Stressed plants low in herbicide take-up

Rueben HaleThe West Australian
Imtrade Australia national technical manager Michael Macpherson and Corrigin farmer Glenn Hall review the success of a herbicide trial on established serradella pasture.
Camera IconImtrade Australia national technical manager Michael Macpherson and Corrigin farmer Glenn Hall review the success of a herbicide trial on established serradella pasture. Credit: Veronika Crouch

Post-emergent herbicides for pasture manipulation do not work well on stressed plants, and throwing money at weeds in summer could be wasteful.

Those are some of the findings according to early data from a series of pasture herbicide trials with the Corrigin Farm Improvement Group and group sponsor Imtrade Australia.
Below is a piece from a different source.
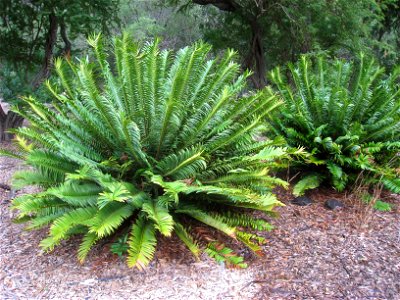 Encephalartos natalensis in the Koko Crater Botanical Garden, Honolulu, Hawaii, USA. photo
Replicated trials are under way at local farmer Steven Bolt’s property to test the effectiveness of pre-emergent and post-emergent herbicides on sown Dalkeith sub-clover pasture, as well as at fellow producer Glenn Hall’s property, to study the effectiveness of herbicide for summer weed control on a self-seeded serradella pasture.

Imtrade Australia national technical manager Michael Macpherson said the studies had been instigated to assist growers in filling in agronomic knowledge gaps which have been identified in WA pasture systems, and was surprised how telling the early results were on both farms.

“Mr Hall identified a well-germinated self-sown serradella pasture following the big dump of rainfall WA experienced in March. We thought it would be a good opportunity to investigate if we could salvage the serradella for seed production,” he said.

“The return of the typical summer heat following the rainfall meant that the weeds were under stress when the herbicides were applied.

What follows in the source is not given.